Apocalypse Now (1979)

Description   [from Freebase]

Apocalypse Now is a 1979 American epic war film set during the Vietnam War, directed and produced by Francis Ford Coppola and starring Marlon Brando, Robert Duvall, and Martin Sheen. The central character is US Army special operations officer Captain Benjamin L. Willard (Sheen), of MACV-SOG, an assassin sent to kill the renegade and presumed insane Special Forces Colonel Walter E. Kurtz (Brando). The screenplay by John Milius and Coppola came from Milius's idea of adapting Joseph Conrad's novella Heart of Darkness into the Vietnam War era. It also draws from Michael Herr's Dispatches, the film version of Conrad's Lord Jim (which shares the same character of Marlow with Heart of Darkness), and Werner Herzog's Aguirre, the Wrath of God (1972). The film drew attention for its lengthy and troubled production. Hearts of Darkness: A Filmmaker's Apocalypse documented Brando's showing up on the set overweight, Sheen's heart attack, and extreme weather destroying several expensive sets. The film's release was postponed several times while Coppola edited millions of feet of footage.


In the grand tradition of movies that explore the reality that is the Vietnam War, one film stands out — for defying reality.

Martin Sheen stars as Captain Willard, sent upriver in war-torn ‘Nam to ‘terminate, with extreme prejudice’ one Colonel Kurtz (Brando), a former green beret who has gone primal all the way in Cambodia and has taken on the guise of a god to the local people of the area.

Coppola takes the novel Heart of Darkness and moves it up a few dozen years to get the desired effect of plopping the audience in the great unknown and, at the same time, scaring the bejeezus out of us. Willard’s trip upriver starts with the merely peculiar, with Robert Duvall’s ‘Flight of the Valkyries’ air raid and ‘Charlie don’t surf!’ speech as he sends his troops out to catch some waves. From there, things just get twisted, culminating in a face-off with the decidedly creepy Brando/Kurtz at the end of the line.

Mired in controversy, delays, and a cost that ultimately almost tripled its initial budget, Apocalypse Now is a real must-see and one hell of a ride. The horror, the horror.

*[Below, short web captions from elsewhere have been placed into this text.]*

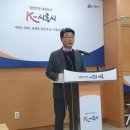 이충목 배곧 개발추진 사업단장 김윤식 후보 지지 선언/ '민주당' 동료를 무참히 버리는 공정과 상식이 통하지 않는 정당 이미지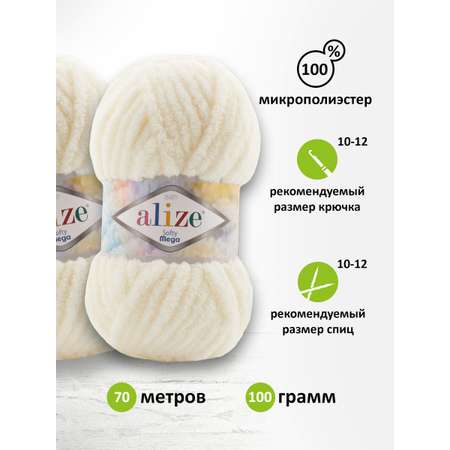 Пряжа для вязания Alize softy mega 100 гр 70 м микрополиэстер мягкая 62 кремовый 5 мотков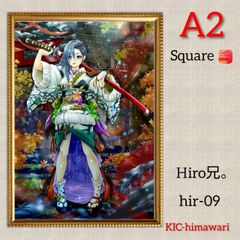 A2サイズ square【hir-09】Hiro兄。ダイヤモンドアート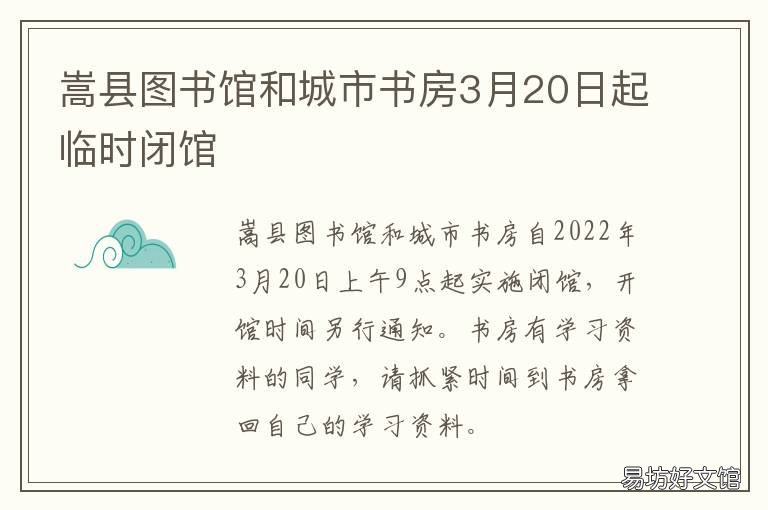 嵩县图书馆和城市书房3月20日起临时闭馆 嵩县城市书房开放时间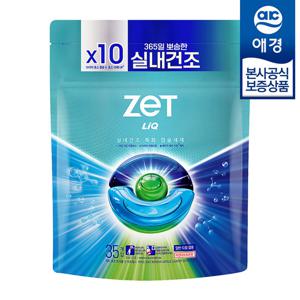 [애경] 리큐 제트 프로 트리플샷 리프레시 실내건조 캡슐세제 35입 x1개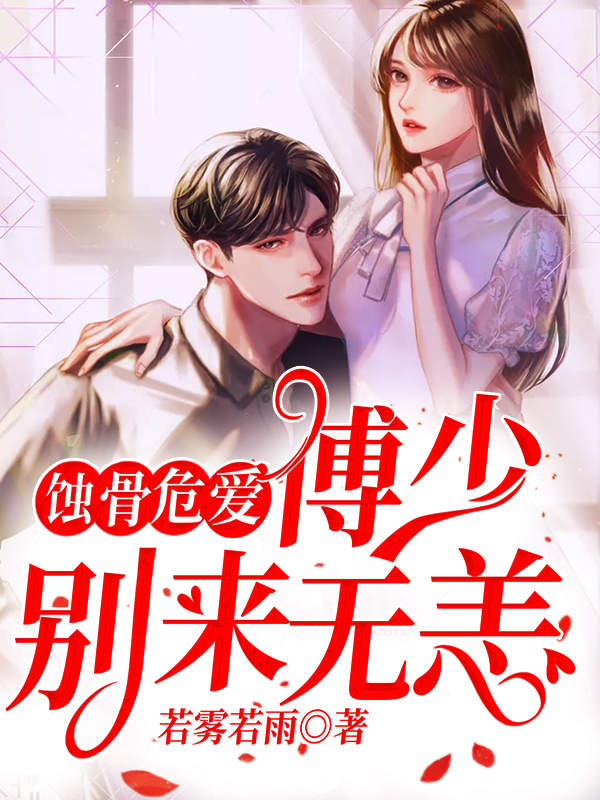 蚀骨危爱：傅少，别来无恙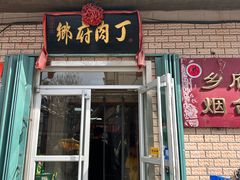-乡府肉丁水饺(环山路店)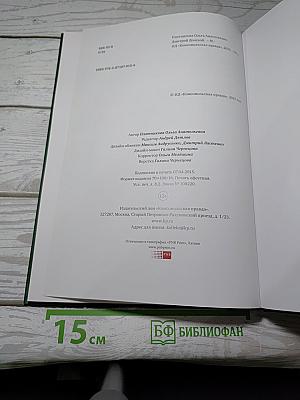 Дмитрий Донской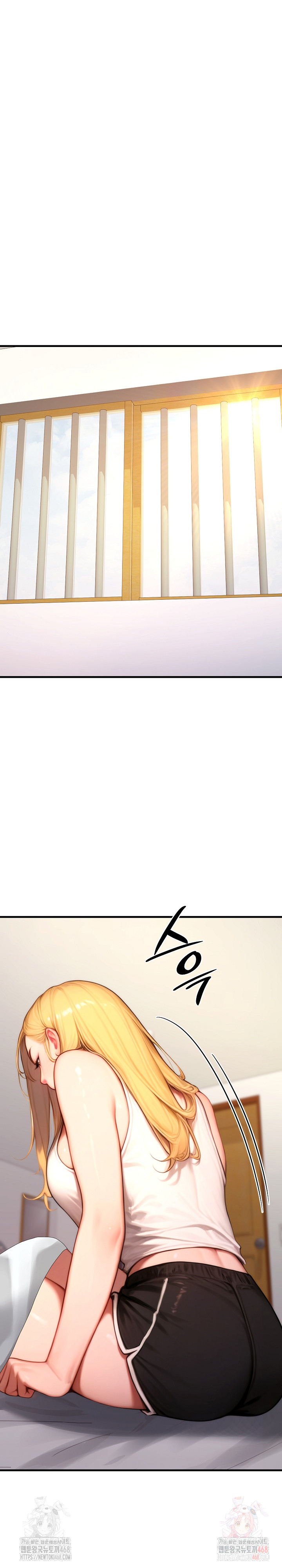 Paradox Raw Chapter 23 image 14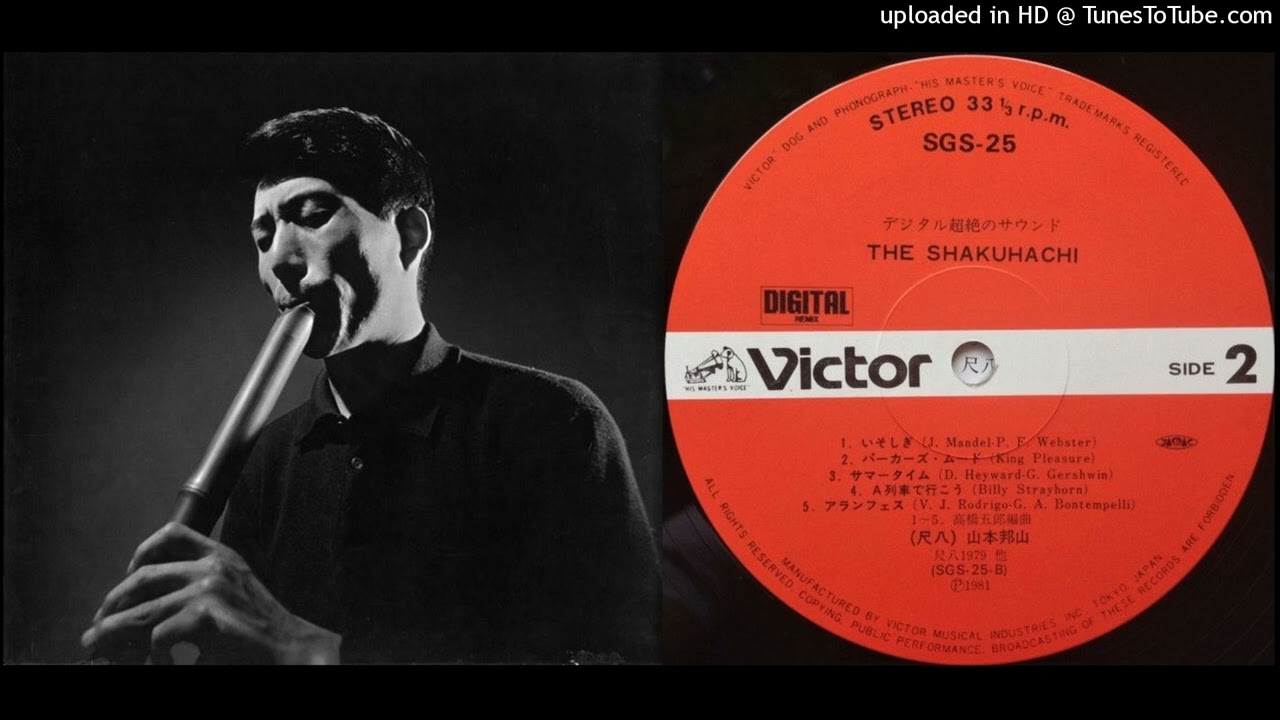 Hōzan Yamamoto and Shakuhachi 1979 - Summertime (1981)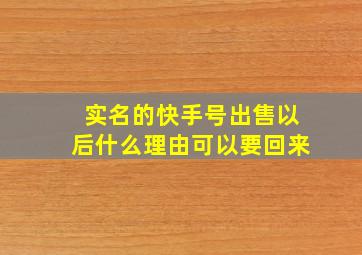 实名的快手号出售以后什么理由可以要回来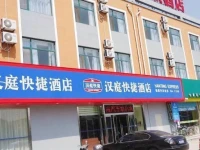 Hanting Express Qixia Bus Station 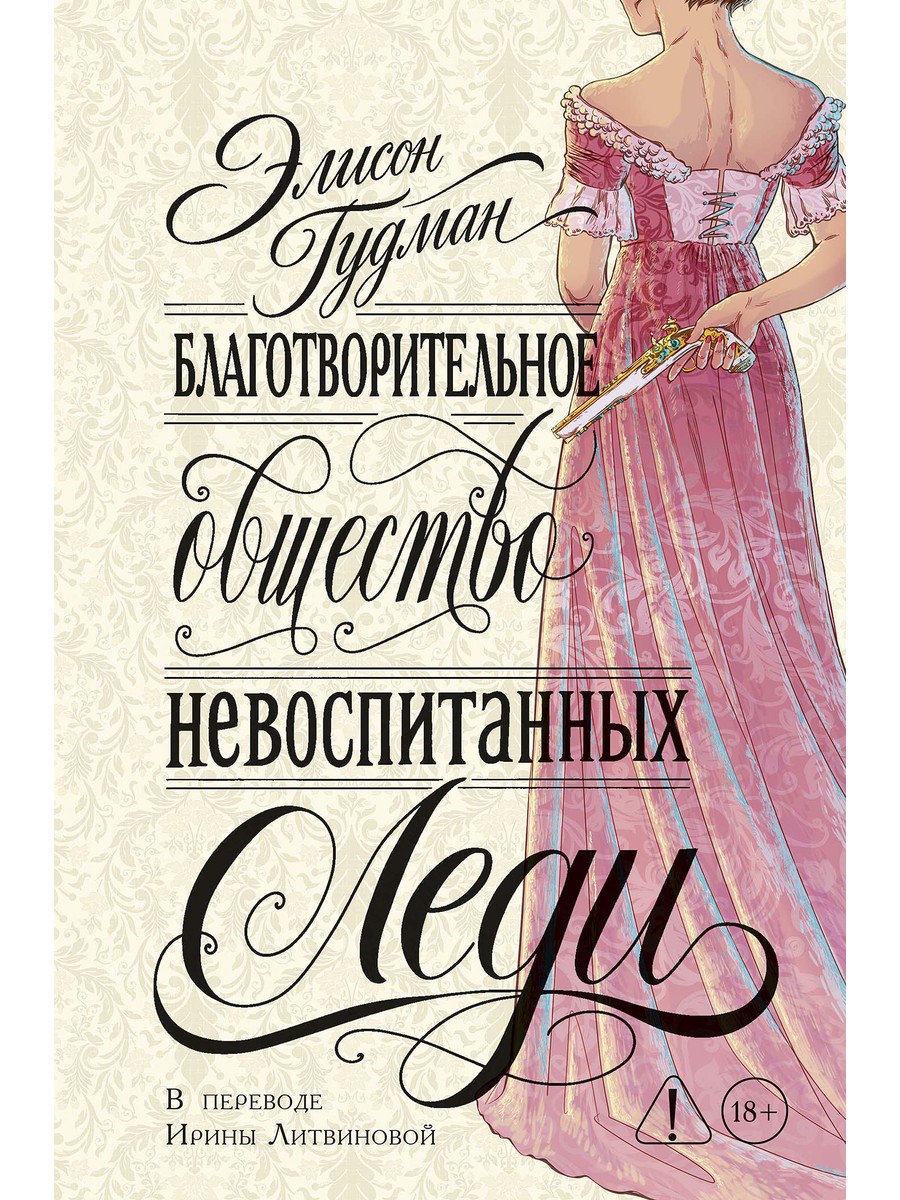 Обложка книги «Благотворительное общество невоспитанных леди»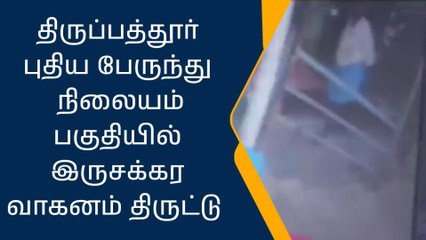 திருப்பத்தூர்: இருசக்கர வாகனம் திருட்டு-போலீசார் விசாரணை!
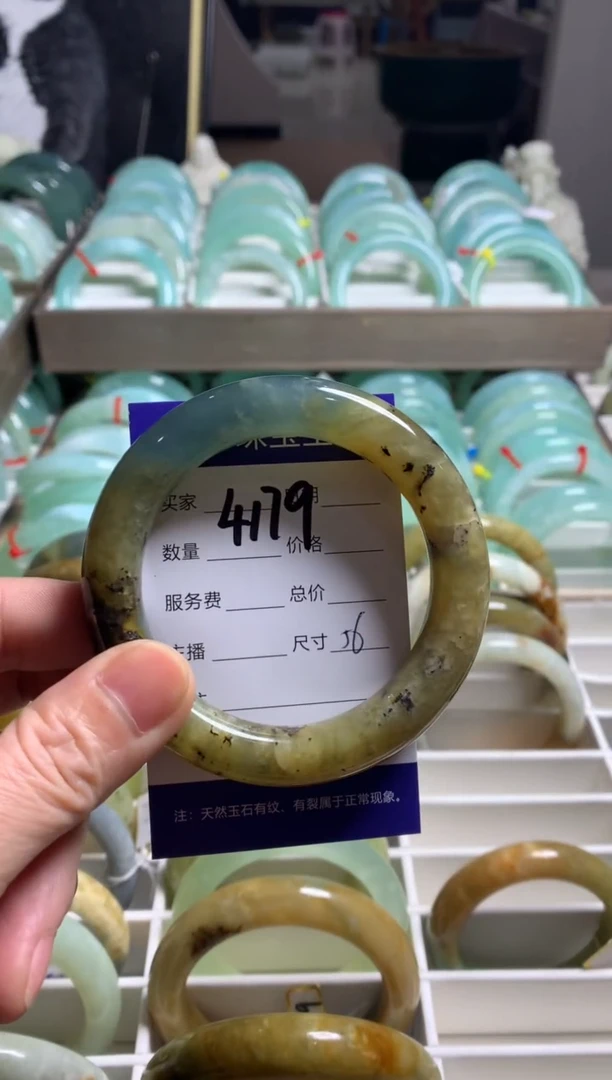 【闪购商品】蛇纹石玉手镯未镶嵌4179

Recut and extended in 2001 as Apocalypse Now Redux.

The new ‘complete dossier’ includes both Now and Redux, and copious extras: Brando reading the entirety of ‘The Hollow Men’ (17 minutes long), a lost and additional scenes, commentaries on both versions of the film, and a selection of featurettes designed for young filmmakers. It’s all packaged on two DVDs. Very highly recommended.